Methrix: an R/Bioconductor package for systematic aggregation and analysis of bisulfite sequencing data

Bioinformatics. 2021 Apr 1;36(22-23):5524-5525. doi: 10.1093/bioinformatics/btaa1048.

Abstract

Motivation: Whole-genome bisulfite sequencing (WGBS) measures DNA methylation at base pair resolution resulting in large bedGraph like coverage files. Current options for processing such files are hindered by discrepancies in file format specification, speed, and memory requirements.

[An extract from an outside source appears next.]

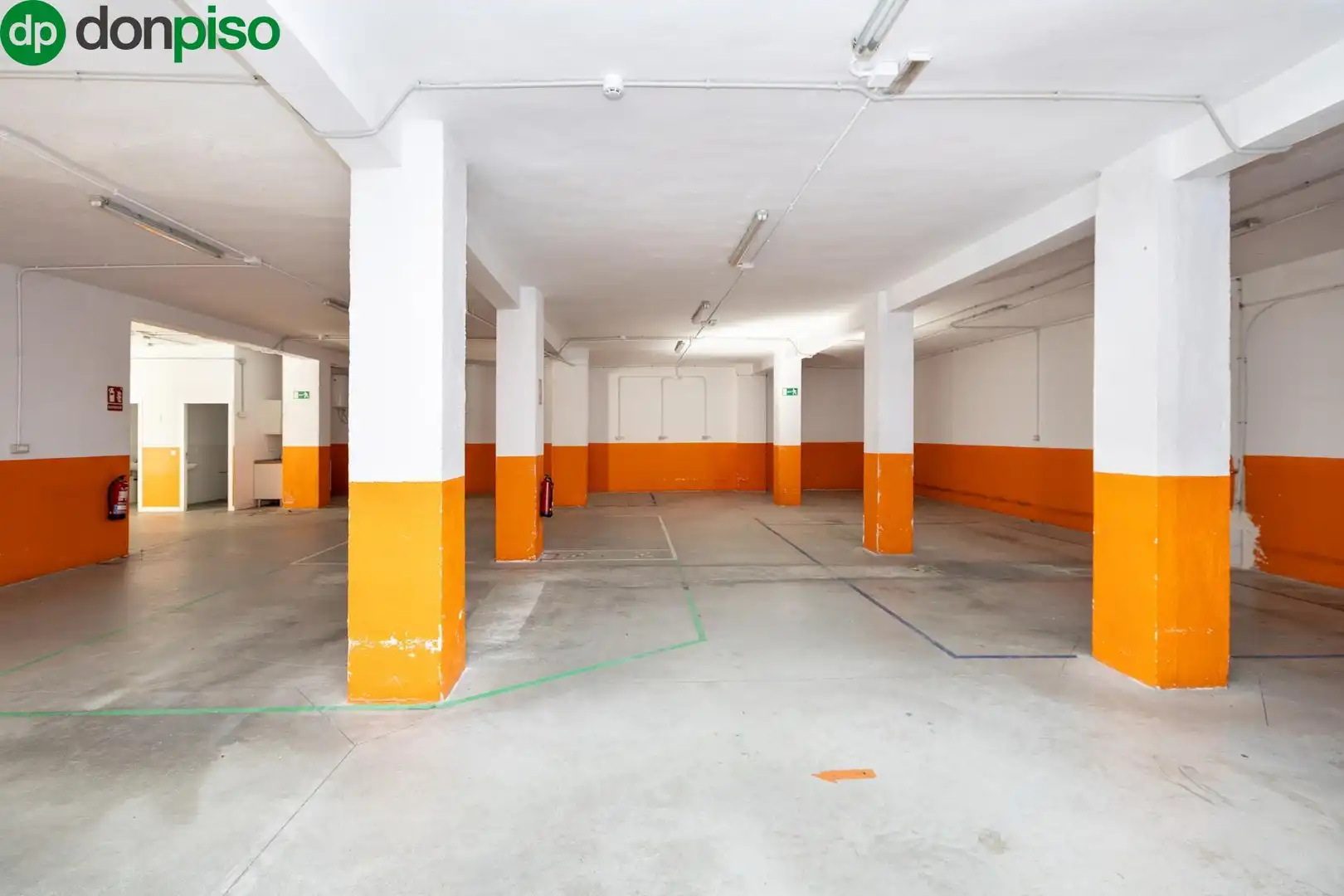 Local comercial en venta en Calle Calle Abderrahmán 11, imagen 12
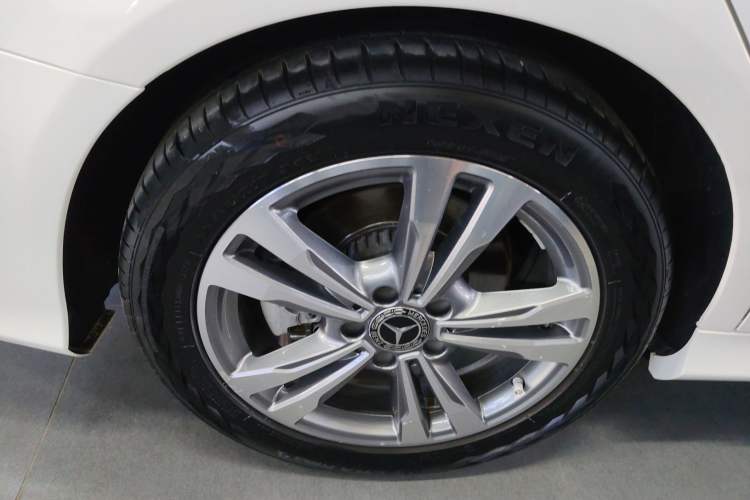Used Mercedes-Benz C-Class 2018 C 200 L Sport Edition Right Rear Wheel Hub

Results: We developed methrix, an R package, which provides a toolset for systematic analysis of large datasets. Core functionality of the package includes a comprehensive bedGraph or similar tab-separated text file reader-which summarizes methylation calls based on annotated reference indices, infers and collapses strands and handles uncovered reference CpG sites while facilitating a flexible input file format specification. Additional optimized functions for quality control filtering, subsetting and visualization allow user-friendly and effective processing of WGBS results. Easy integration with tools for differentially methylated region (DMR) calling and annotation further eases the analysis of genome-wide methylation data. Overall, methrix enriches established WGBS workflows by bringing together computational efficiency and versatile functionality.

Availability and implementation: Methrix is implemented as an R package, made available under MIT license at https://github.com/CompEpigen/methrix and can be installed from the Bioconductor repository.

Supplementary information: Supplementary data are available at Bioinformatics online.